I retired from the magistracy in 2015 after 17 years mainly as a presiding justice

United Kingdom
My current blog can be accessed at https://thejusticeofthepeaceblog.blogspot.com/

3 MAGISTRATES SEEM FAIRER FOR A DEFENDANT THAN A SINGLE D.J.

 

24. Sep. 2010. @ 08:22:23 by TheJusticeofthePeace


There are various arguments for the increasing deployment of District Judges [magistrates` courts] throughout the country. Indeed a few months ago there was indignation amongst J.P.s when advertisements were published seeking applicants for thirty new appointments; since modified to thirty applicants to be available if the need arises.

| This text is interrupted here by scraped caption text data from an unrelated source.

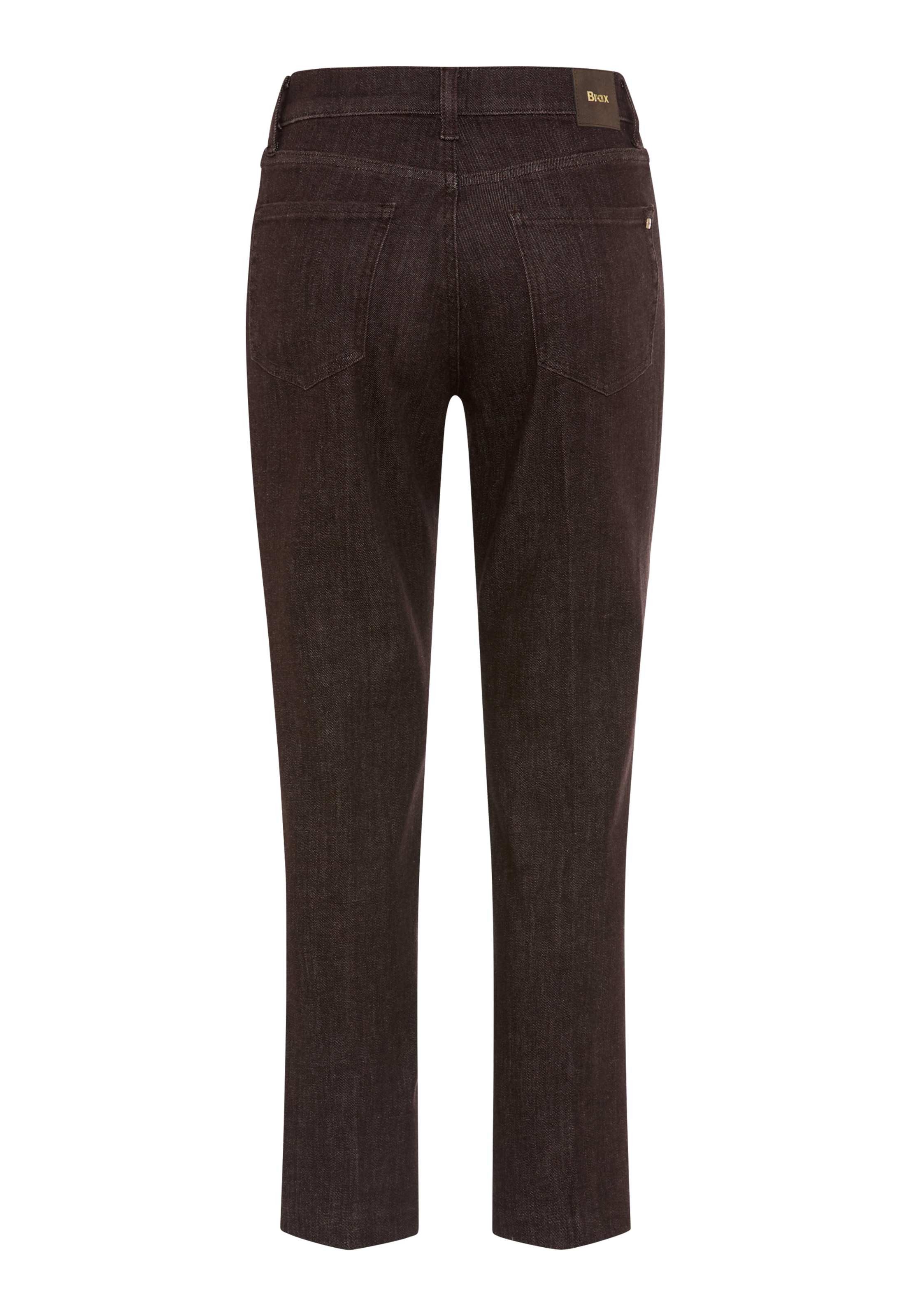 Brax 5-Pocket-Jeans Style MAY S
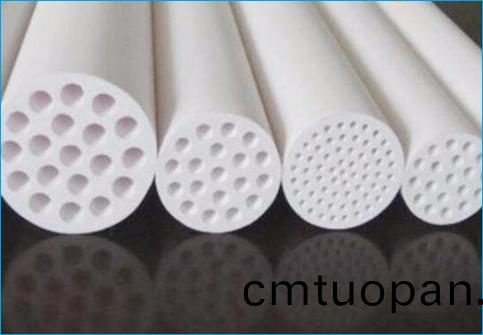 1597116048804177.jpg 未標題-4.jpg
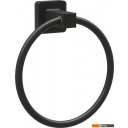Аксессуары для ванной и туалета Lauter 21TS8304 (Matt Black)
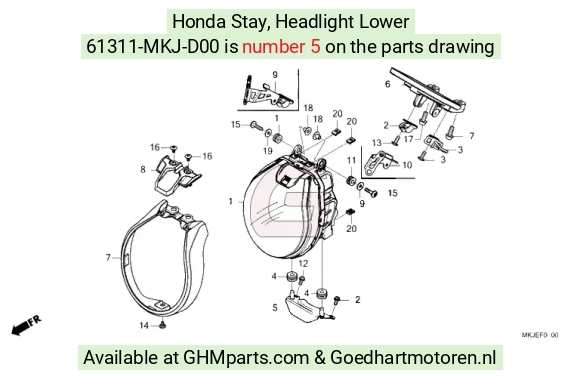 goedhartmotoren8-1565756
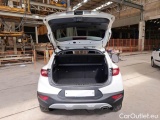  KIA  STONIC KIA  / 2017 / 5P / SUV 1.0 T-GDI 74KW MHEV STYLE #5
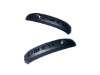 dainese_slider_1999954_604_001_02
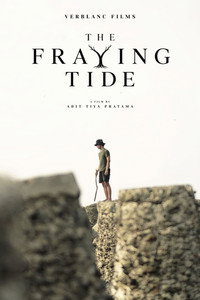 The Fraying Tide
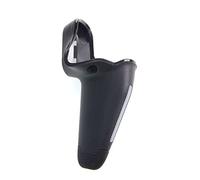 ZAPYVET Braccio Parte Sinistro/Destra Anteriore/Posteriore Braccio Guscio Carrello di Atterraggio/Braccio Motore Ricambi Sostituzione, for Fpv Sostituzione del braccio del drone(Left Landing Gear)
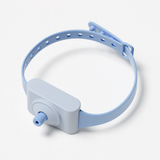 Catify LaserTease™ Smart Collar
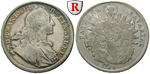 66192 Maximilian III. Joseph, Mad...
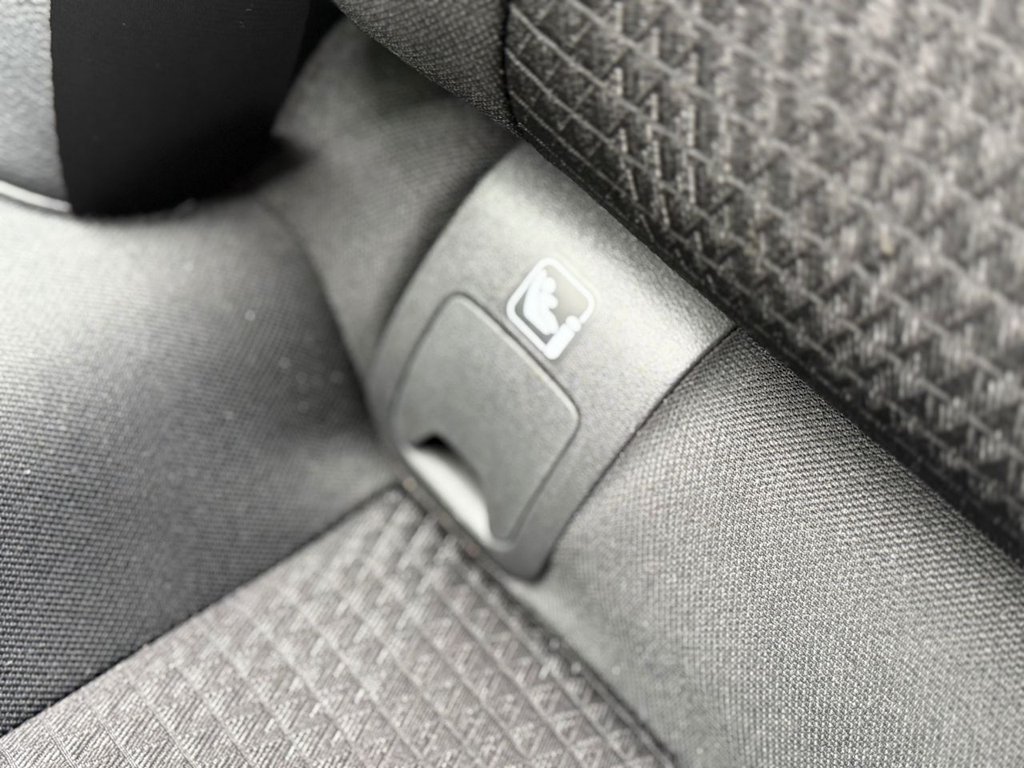 Used Nissan Qashqai 2023 for sale - 77546791: Photo 18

I will not rehearse now these arguments but a case from the retiring room will, I hope, illustrate why a bench of three is a safeguard for every defendant.

A few weeks ago a middle aged Kosovan man was in the dock. He had pleaded guilty many months and appearances previously to driving with excess alcohol but had put forward a “special reason” defence of having had his drink spiked by a fellow countryman. He had admitted to drinking two glasses of wine but claimed that a further non alcoholic cocktail had had alcohol introduced to it without his knowledge. A previous bench had set a date when his case would be tried. He had indicated that he would call two witnesses. As is usually required in such matters an expert would prepare a paper and give evidence on the ramifications of the spiked drink. The other witness, the court notes indicated, would be the person who did the spiking! Represented by the duty solicitor on his last but two appearance he agreed to the directions re the witnesses and a date was set. On his next appearance alone he had told the court he could not afford to pay a lawyer and also to pay for the expert. A final date was set when he appeared before me and my colleagues. He duly turned up with a barrister who explained why he was asking for a further adjournment.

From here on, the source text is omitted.